The sample sizes are not specified in the available information, and the statistical power of the findings cannot be independently assessed from the press release. The sex-specific nature of the results - different effects in male and female offspring - adds complexity that would benefit from replication in larger cohorts.

And while the researchers note that the use of pure nicotine means the effects are not attributable to other chemicals in tobacco products, it also means the study does not address whether actual cigarette smoking or vaping produces the same or different effects through nicotine exposure alone versus the combined chemical load.
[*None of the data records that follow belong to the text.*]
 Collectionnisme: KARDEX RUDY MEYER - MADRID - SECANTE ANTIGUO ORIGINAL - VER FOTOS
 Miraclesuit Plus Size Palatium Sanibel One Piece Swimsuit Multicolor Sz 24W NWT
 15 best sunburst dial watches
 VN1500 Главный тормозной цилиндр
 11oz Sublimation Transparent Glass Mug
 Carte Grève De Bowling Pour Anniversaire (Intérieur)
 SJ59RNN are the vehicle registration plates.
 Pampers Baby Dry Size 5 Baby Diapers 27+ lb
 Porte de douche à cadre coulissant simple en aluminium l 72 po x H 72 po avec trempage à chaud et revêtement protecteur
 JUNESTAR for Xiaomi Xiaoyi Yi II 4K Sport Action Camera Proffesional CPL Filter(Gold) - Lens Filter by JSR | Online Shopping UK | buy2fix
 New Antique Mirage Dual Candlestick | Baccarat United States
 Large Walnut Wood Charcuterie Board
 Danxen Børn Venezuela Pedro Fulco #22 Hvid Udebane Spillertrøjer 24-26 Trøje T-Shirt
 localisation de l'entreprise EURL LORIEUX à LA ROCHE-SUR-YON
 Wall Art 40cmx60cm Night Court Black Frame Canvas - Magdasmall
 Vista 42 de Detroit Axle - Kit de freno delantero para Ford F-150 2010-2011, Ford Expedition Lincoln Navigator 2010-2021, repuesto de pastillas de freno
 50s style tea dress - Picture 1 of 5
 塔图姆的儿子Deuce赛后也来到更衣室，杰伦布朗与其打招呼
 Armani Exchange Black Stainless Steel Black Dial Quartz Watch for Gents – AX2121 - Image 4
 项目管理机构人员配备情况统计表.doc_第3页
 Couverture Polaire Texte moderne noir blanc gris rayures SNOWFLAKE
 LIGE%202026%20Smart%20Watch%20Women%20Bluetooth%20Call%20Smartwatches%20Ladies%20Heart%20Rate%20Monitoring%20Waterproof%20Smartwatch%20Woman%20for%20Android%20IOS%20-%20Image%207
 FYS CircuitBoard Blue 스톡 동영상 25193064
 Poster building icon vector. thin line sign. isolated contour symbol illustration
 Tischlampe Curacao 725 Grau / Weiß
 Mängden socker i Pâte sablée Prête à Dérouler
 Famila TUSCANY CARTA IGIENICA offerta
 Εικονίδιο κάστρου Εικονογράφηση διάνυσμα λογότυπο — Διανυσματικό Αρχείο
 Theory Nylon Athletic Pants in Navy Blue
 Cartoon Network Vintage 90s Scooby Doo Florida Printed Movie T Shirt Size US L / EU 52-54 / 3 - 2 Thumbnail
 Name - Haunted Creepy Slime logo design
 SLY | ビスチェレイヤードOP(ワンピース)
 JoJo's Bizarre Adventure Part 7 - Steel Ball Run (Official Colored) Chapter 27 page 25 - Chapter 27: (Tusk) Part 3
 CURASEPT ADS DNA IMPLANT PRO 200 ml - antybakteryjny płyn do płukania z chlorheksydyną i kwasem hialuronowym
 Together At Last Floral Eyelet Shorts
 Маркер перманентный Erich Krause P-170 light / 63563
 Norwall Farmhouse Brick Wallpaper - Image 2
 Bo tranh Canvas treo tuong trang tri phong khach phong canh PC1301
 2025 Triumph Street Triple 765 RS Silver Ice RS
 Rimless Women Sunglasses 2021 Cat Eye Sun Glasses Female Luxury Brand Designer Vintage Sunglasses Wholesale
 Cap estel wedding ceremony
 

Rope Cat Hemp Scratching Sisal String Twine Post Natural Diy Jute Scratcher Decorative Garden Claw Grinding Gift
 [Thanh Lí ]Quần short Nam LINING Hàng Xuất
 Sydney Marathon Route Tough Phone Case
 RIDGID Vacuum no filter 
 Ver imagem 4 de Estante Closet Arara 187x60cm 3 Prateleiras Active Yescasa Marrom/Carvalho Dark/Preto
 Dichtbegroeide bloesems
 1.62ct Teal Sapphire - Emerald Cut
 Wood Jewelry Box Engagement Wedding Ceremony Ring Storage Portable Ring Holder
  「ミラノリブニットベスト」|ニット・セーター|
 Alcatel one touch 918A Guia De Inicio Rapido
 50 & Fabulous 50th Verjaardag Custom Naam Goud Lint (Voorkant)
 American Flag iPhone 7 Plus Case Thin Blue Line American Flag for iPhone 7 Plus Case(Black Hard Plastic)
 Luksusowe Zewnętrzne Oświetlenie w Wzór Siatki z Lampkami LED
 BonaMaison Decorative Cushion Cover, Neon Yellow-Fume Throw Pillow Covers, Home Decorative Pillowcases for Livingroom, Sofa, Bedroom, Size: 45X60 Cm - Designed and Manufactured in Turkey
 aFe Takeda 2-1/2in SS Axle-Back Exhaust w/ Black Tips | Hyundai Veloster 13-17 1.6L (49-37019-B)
Preconception health is not just for mothers

Despite these limitations, the study contributes to a growing argument for expanding preconception health counseling to include fathers. An estimated 40.1 million people in the United States have diabetes. Men consume more tobacco products than women. If paternal nicotine exposure is even a minor contributor to offspring metabolic risk, the population-level implications are substantial given the scale of both tobacco use and diabetes prevalence.

Chamorro-Garcia emphasized that considering the evidence that male exposure can increase the likelihood of their children developing chronic diseases, it is crucial to incorporate male health into preconception care. The current focus on maternal health during pregnancy, while essential, may be missing a piece of the puzzle.

For now, the evidence is in mice. But the direction of the findings aligns with other studies showing that paternal environmental exposures - including diet, stress, and chemical exposure - can leave biological marks on the next generation. The specific connection between nicotine and offspring metabolism adds a concrete data point to that broader picture.

Source: "Exposure of Male Mice to Nicotine Leads to Metabolic Dysfunction in their Male and Female Offspring." Published in the Journal of the Endocrine Society, 2026. Lead institution: University of California, Santa Cruz. Senior author: Raquel Chamorro-Garcia. Funded by NIH/NIEHS, UC Office of the President Tobacco-related Disease Research Program, and UC Santa Cruz start-up funds.